Hay que descartar la retórica neoizquierdista, estilo Robin Hood, con que el Gobierno ha vendido la subida de impuestos. Las transformaciones socioeconómicas de los últimos 20 años impiden catalogar como ricos a quienes ingresan 50.000 euros al año. No son ciertamente mileuristas y viven mucho mejor que ese 60% de la sociedad. Pero de ahí a considerarlos millonarios dista un trecho considerable.
Entre otras razones, porque si a alguien castiga toda subida de impuestos es a esa clase media, o media-alta, que sin ser mileurista no tiene a su alcance los mecanismos de “optimización” fiscal de que disponen los auténticos ricos.
La realidad es mucho más descarnada. El Estado ha adquirido tantos y tan variados compromisos, en plena caída en picado de los ingresos, que la caja ha acabado por vaciarse. La evolución de las cuentas públicas no puede ser más clara en este sentido. El Estado gasta mucho más, pero que mucho más, de lo que es capaz de recaudar. Y cuando se llega a ciertos niveles, el recurso a la deuda pública (es decir, aquella deuda que en definitiva acabarán pagando las generaciones futuras) tampoco da más de sí.

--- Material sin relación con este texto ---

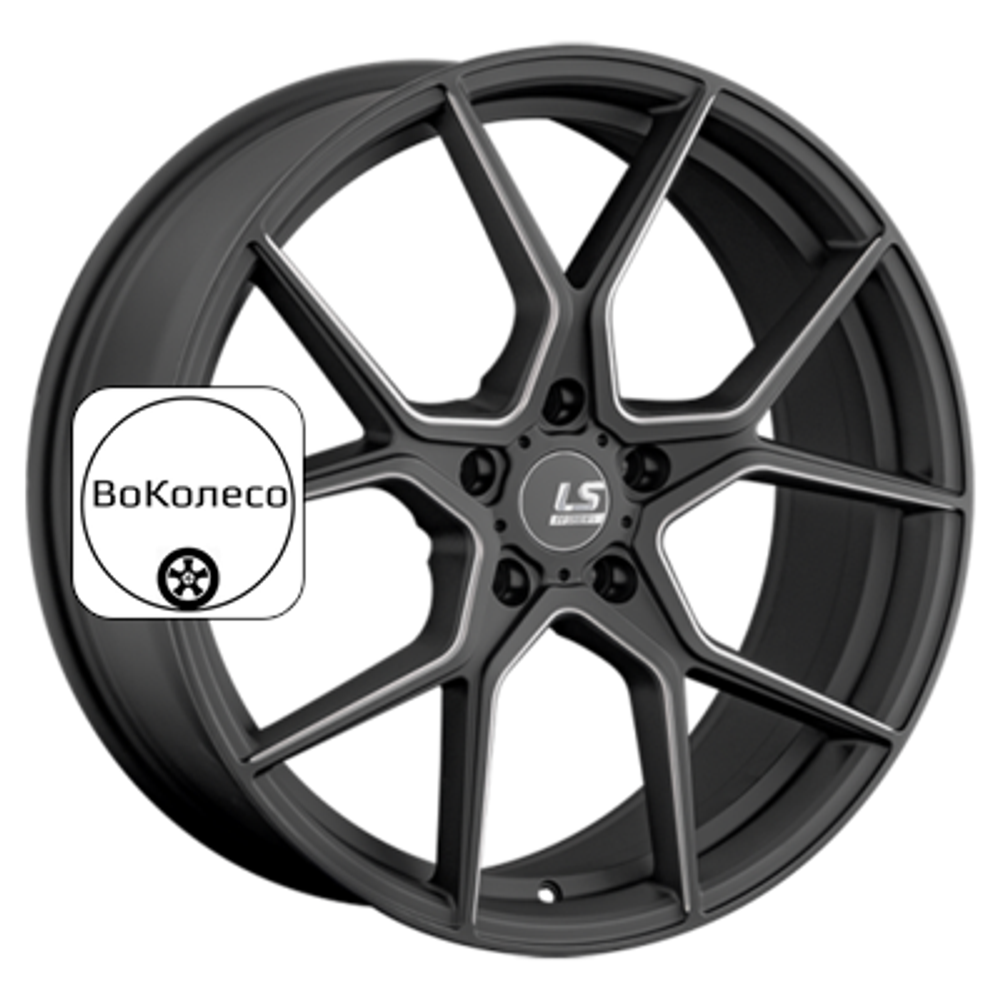 8,5x20/5x120 ET41,5 D72,6 RC72 MB+SSF (конус) LS FlowForming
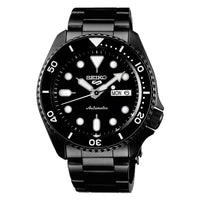 Seiko 5 Sport Men's Black Watch SRPD65K1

Y cuando la situación se vuelve acuciante, y no se puede esperar el largo plazo en que las rebajas fiscales surten efecto, aparentemente sólo queda el remedio de subir los impuestos. Sin embargo, puede suceder que el pez no deje de morderse la cola. Si la subida de impuestos retrae todavía más el consumo, ¿no bajará la recaudación?

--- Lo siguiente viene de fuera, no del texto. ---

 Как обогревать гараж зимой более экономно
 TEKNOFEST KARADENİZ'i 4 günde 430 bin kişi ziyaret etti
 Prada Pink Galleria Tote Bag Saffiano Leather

Es un silogismo excepcionalmente complicado, ante el que cualquier Gobierno posible tendría como mínimo sus dudas. Otra cosa es el desparpajo con que se formulan algunas críticas, y que queda perfectamente definido con el uso de ese sustantivo. También otra cosa es que se haga cualquier cosa ante la ausencia de otras alternativas, o que se tire a lo fácil (al menos a lo aparentemente fácil) porque no se tiene cintura. La forma en que Zapatero ha llevado la crisis hasta la fecha presente permite no descartar por completo la segunda explicación.

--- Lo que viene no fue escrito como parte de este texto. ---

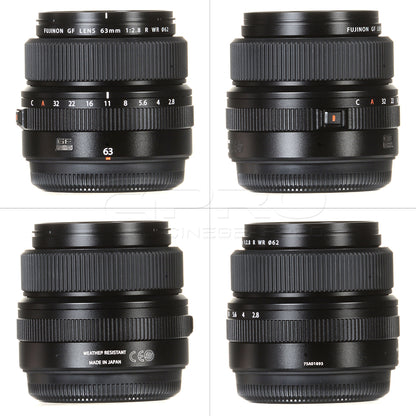 FUJIFILM GF 63mm f/2.8 R WR Lens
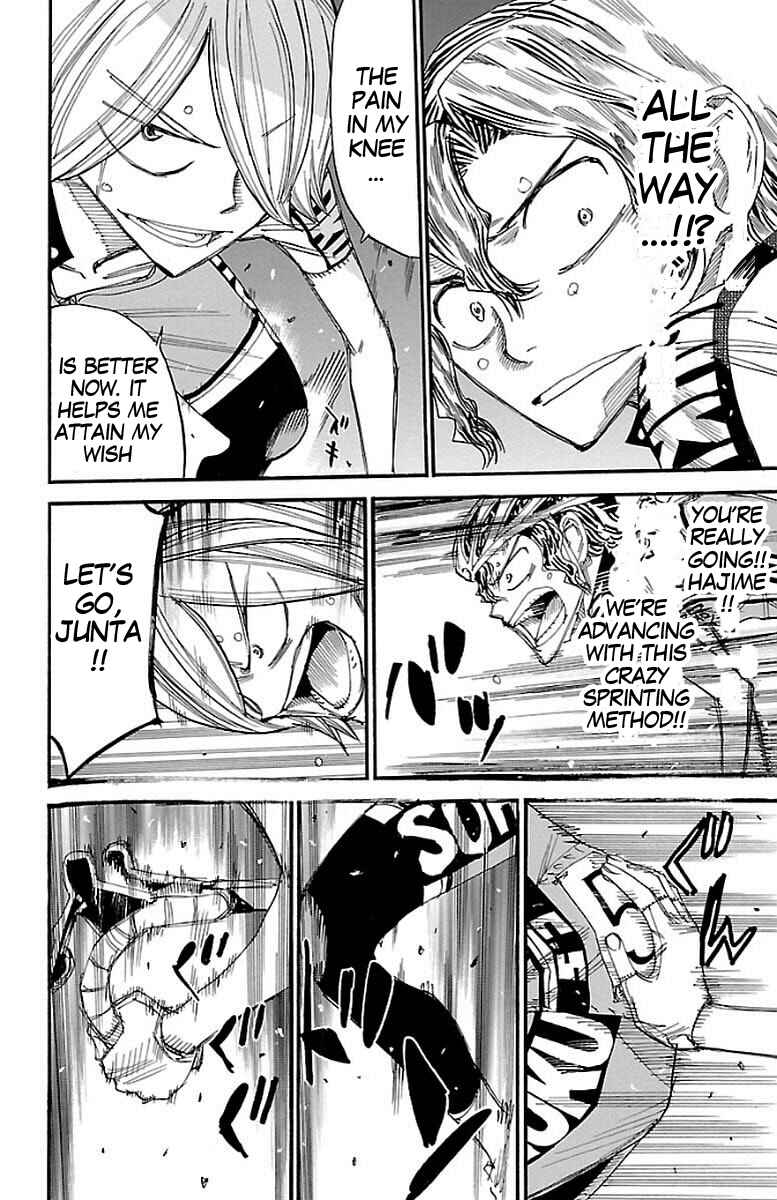 Page 11 Chapter 447 Yowamushi Pedal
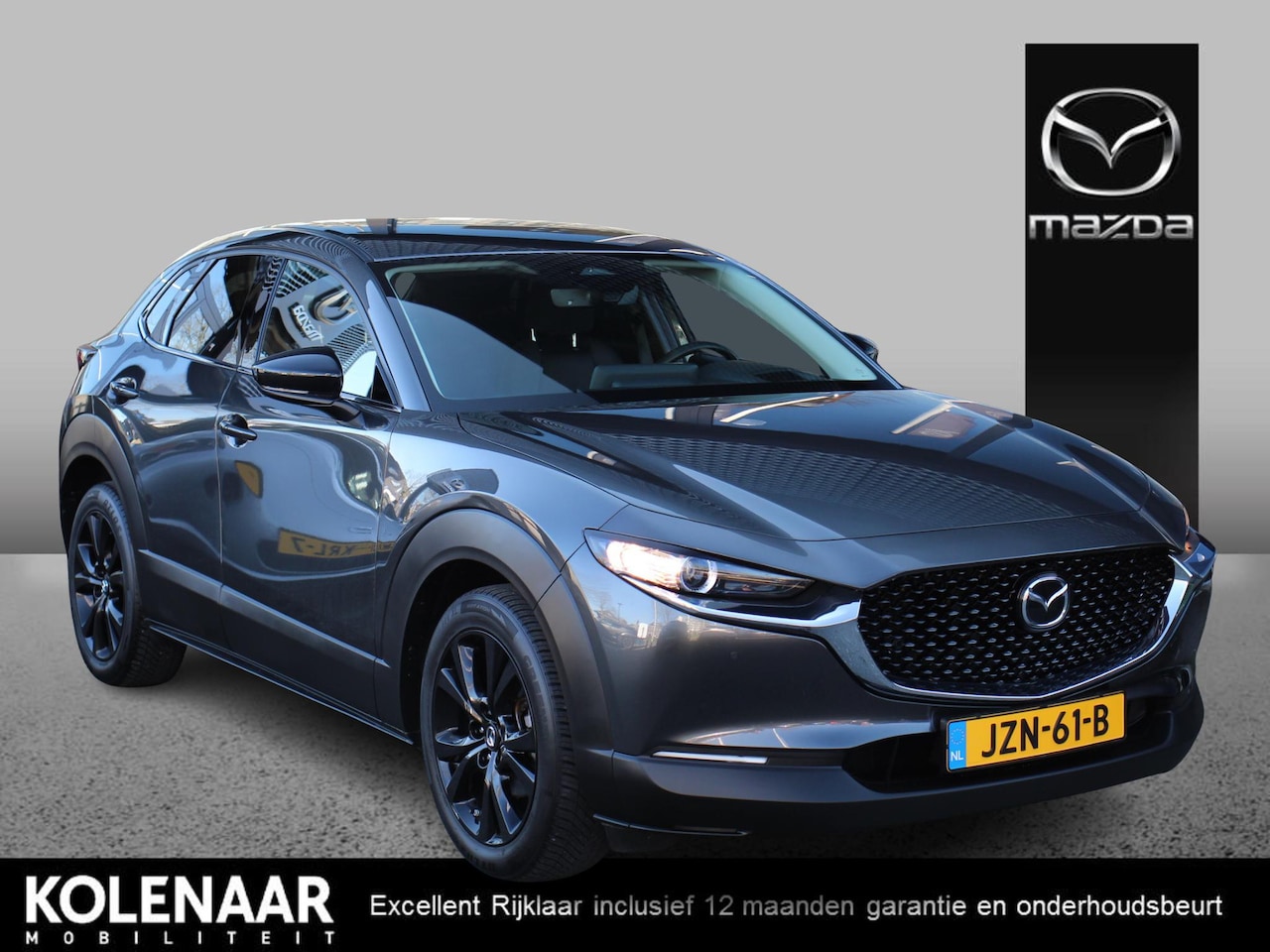 Mazda CX-30 - Homura 2.5 automaat e-Sky-G 140pk /Dealeronderhouden/Navi/HUD/Keyless/CarPlay/18 inch LMV - AutoWereld.nl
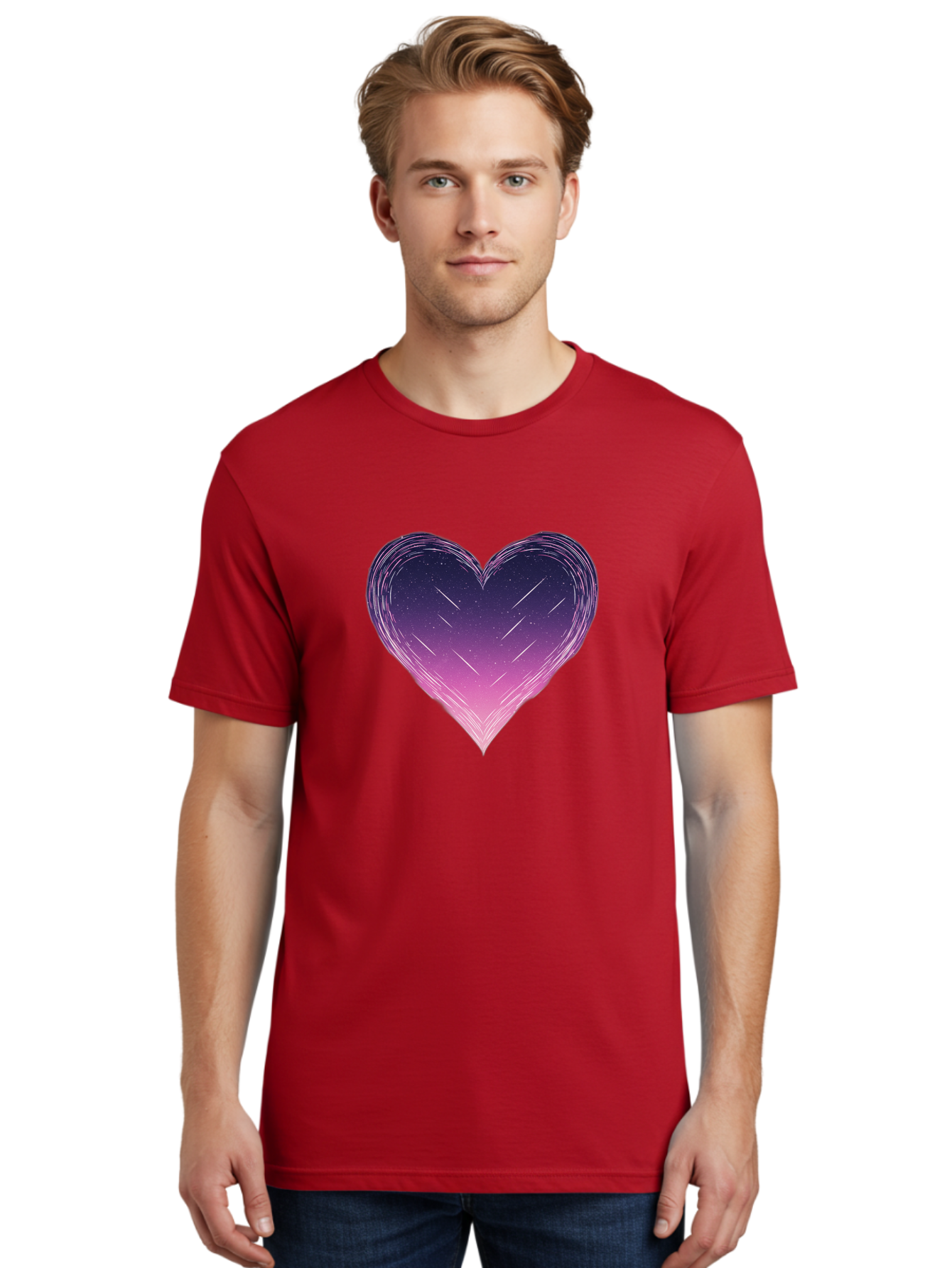 Galaxy-Heart Men'S Graphic Tee, 100% Cotton, Comfortable Casual Summer Wear, Machine Washable, Vintage Camera, Old Camera, Antique Camera, Black Camera, Classic Photography, Photography Equipment, Nostalgic Device, Film Camera, Camera Art Baj476
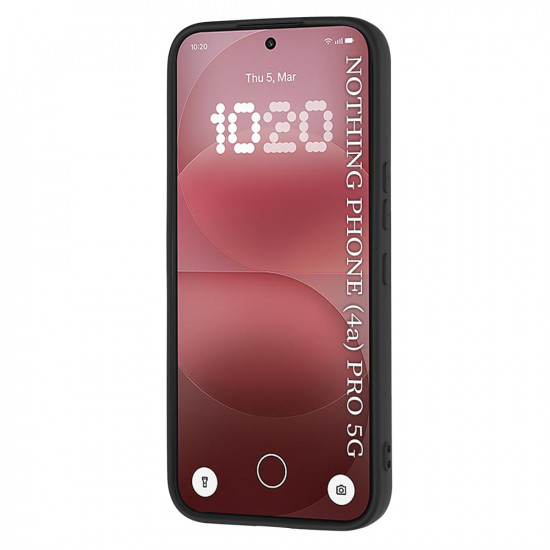 Techsuit SoftFlex Nothing Phone (4a) Pro Black Techsuit SoftFlex Nothing Phone (4a) Pro Black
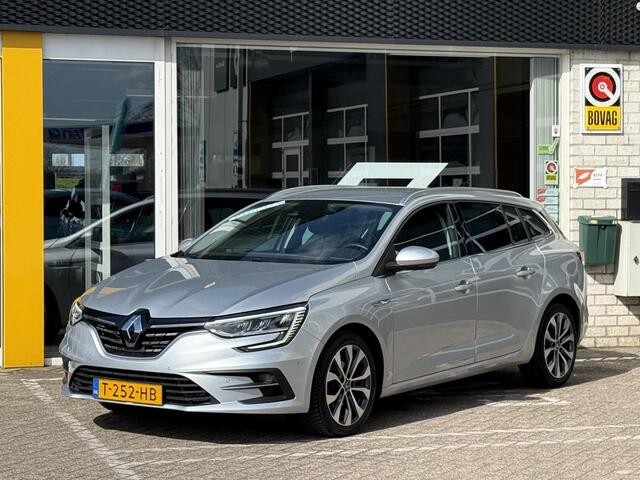 Renault MEGANE Estate 1.3 TCe 140 Techno | Trekhaak | NAP | Navigatie | Achteruitrijcamera | DAB | Key-less | Climate Control | LED | Dodehoek detectie |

Es más, la forma en que al final se han subido los impuestos es, por contradictoria, un fiel reflejo de la falta de rumbo del Gobierno. No lo decimos tanto porque se suba linealmente el IVA, que es el menos progresivo de los impuestos ya que lo paga todo el mundo por igual, lo que no puede estar más alejado de eso de darles caña a los ricos. Es que no se entiende que una medida supuestamente tan necesaria se decida ahora, pero a la vez se aplace su vigencia hasta dentro de unos meses.
Lo único que se nos ocurre para explicarlo es cierta teoría expresada a veces por Zapatero y su entorno, según la cual un anuncio de una subida de impuestos lleva a la gente a consumir como locos. Se supone que para ahorrarse el diferencial impositivo. Es posible que así sea, pero la definición más suave que merece dicha política es la de exhuberante.
Tampoco hay que hacer demasiados aspavientos ante las críticas de la oposición o de la patronal. En el primer caso, ¿qué van a decir, que están de acuerdo?. El sentido de Estado se ha trivializado y no es más que otra piedra que arrojarse a la cabeza. Además, no basta con ponerse como ejemplo, cuando uno sólo ha acumulado experiencia teniéndolo todo de cara.
¿Y la patronal y la gran banca? Pues no les falta del todo la razón, pero se han descargado de ella con sus repetidos intentos de conseguir que la crisis la paguen otros. No ayuda demasiado al decoro de la cosa el espectáculo de algunas jubilaciones doradas.
Claro que, llegados a este punto, si todo el mundo está invalidado, ¿qué solución nos queda? Es tristes constatar que, retóricas al margen, puede que el problema no lo arreglen ni siquiera unas elecciones anticipadas.